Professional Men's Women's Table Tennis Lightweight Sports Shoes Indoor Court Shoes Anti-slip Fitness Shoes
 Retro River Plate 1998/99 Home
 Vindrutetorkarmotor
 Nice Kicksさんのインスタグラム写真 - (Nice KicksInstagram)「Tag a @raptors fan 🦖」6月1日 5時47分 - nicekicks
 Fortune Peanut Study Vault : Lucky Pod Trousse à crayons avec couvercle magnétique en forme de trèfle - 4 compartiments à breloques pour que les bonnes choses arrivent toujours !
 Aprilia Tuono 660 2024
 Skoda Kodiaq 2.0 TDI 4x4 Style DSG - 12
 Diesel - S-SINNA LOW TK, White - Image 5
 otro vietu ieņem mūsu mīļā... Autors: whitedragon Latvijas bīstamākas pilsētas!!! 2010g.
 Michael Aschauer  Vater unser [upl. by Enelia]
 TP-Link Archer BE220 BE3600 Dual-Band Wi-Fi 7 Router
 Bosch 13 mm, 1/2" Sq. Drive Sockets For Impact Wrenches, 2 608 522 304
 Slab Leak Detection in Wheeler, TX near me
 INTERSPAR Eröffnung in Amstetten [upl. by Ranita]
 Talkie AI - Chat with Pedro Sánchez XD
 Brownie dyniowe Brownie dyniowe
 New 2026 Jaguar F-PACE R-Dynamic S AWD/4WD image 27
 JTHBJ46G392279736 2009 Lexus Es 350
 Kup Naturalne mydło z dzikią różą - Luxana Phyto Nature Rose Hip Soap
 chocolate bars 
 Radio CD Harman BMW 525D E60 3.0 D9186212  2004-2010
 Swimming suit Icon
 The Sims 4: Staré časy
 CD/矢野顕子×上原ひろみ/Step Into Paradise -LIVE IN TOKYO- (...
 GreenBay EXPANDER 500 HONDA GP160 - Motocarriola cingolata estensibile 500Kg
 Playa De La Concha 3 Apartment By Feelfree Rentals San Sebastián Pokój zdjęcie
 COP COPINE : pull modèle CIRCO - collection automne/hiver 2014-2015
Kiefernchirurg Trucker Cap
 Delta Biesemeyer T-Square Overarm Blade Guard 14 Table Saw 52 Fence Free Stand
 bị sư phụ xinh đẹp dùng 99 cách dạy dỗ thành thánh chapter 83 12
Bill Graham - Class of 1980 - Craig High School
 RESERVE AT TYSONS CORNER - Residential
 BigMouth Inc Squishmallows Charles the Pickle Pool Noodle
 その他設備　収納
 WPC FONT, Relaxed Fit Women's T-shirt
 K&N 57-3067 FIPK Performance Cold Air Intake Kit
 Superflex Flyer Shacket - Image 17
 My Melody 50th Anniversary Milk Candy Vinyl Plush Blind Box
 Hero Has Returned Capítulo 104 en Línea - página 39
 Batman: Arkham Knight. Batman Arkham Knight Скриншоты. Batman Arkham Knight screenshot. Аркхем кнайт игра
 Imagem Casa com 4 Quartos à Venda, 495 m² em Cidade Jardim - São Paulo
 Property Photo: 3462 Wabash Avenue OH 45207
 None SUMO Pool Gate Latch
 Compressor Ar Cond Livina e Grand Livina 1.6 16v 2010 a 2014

#### ACTIVITY:
Give back the records above exactly, limited to the lines between the one holding "Talkie AI - Chat with Pedro Sánchez XD" and the one holding "GreenBay EXPANDER 500", inclusive.

#### EXPECTED ANSWER:
 Talkie AI - Chat with Pedro Sánchez XD
 Brownie dyniowe Brownie dyniowe
 New 2026 Jaguar F-PACE R-Dynamic S AWD/4WD image 27
 JTHBJ46G392279736 2009 Lexus Es 350
 Kup Naturalne mydło z dzikią różą - Luxana Phyto Nature Rose Hip Soap
 chocolate bars 
 Radio CD Harman BMW 525D E60 3.0 D9186212  2004-2010
 Swimming suit Icon
 The Sims 4: Staré časy
 CD/矢野顕子×上原ひろみ/Step Into Paradise -LIVE IN TOKYO- (...
 GreenBay EXPANDER 500 HONDA GP160 - Motocarriola cingolata estensibile 500Kg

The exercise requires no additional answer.